--- AVAILABLE DATA ---

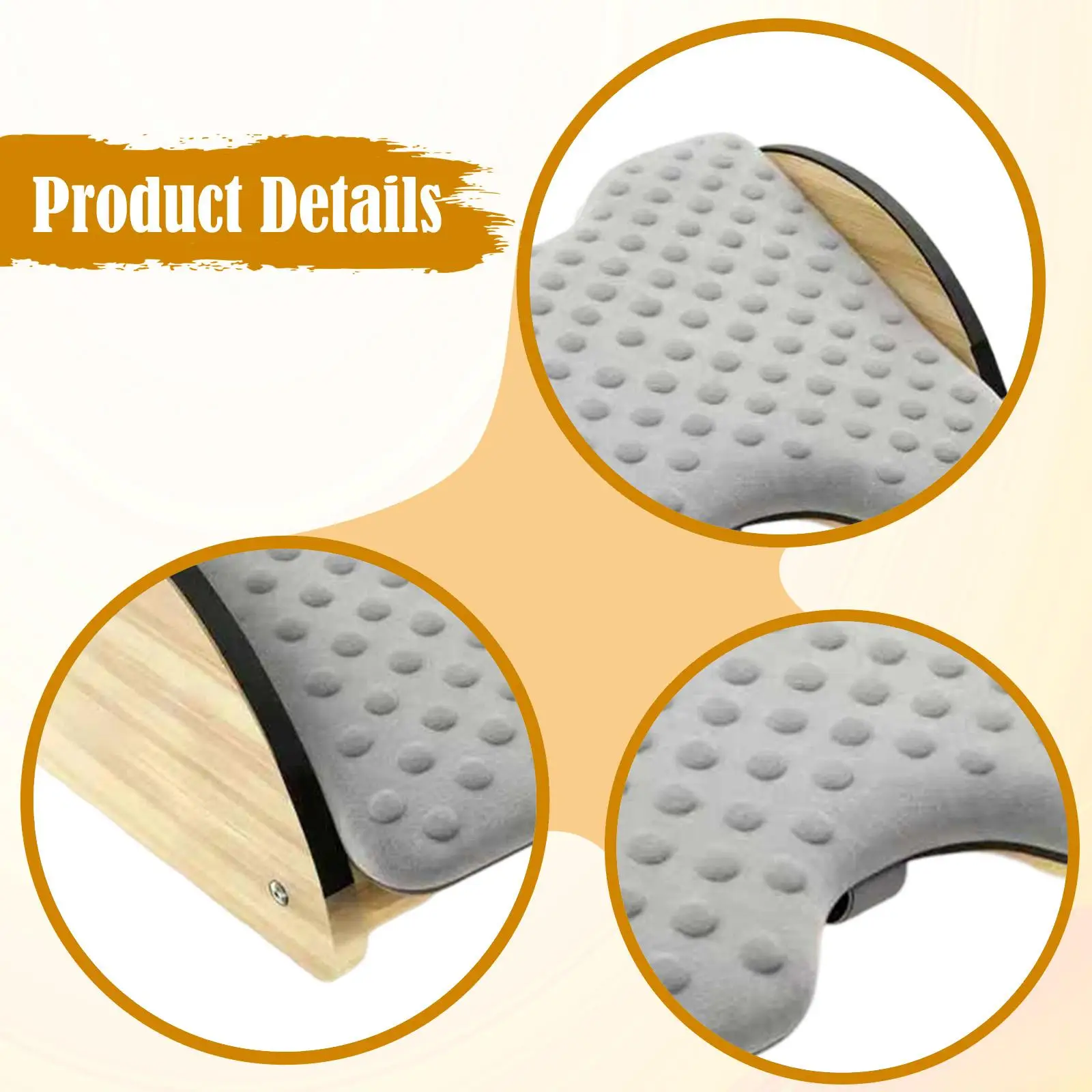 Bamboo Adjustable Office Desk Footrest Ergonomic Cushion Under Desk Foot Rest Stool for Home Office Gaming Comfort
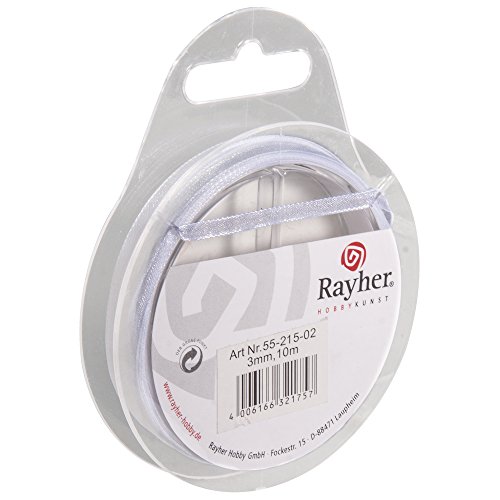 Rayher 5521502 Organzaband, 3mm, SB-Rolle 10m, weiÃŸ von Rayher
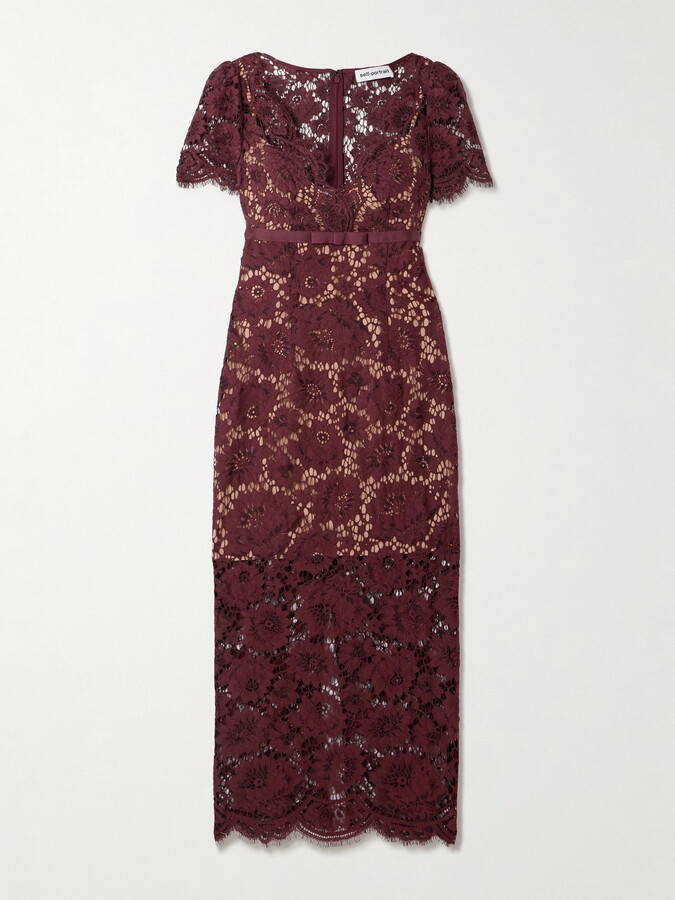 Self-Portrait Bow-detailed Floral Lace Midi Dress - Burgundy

---

BRIEF
Pictures aside, transcribe exactly the lines from the line containing "Rayher 5521502 Organzaband, 3mm, SB-Rolle" through the final line of the material above.

EXPECTED ANSWER
 Rayher 5521502 Organzaband, 3mm, SB-Rolle 10m, weiÃŸ von Rayher
 Self-Portrait Bow-detailed Floral Lace Midi Dress - Burgundy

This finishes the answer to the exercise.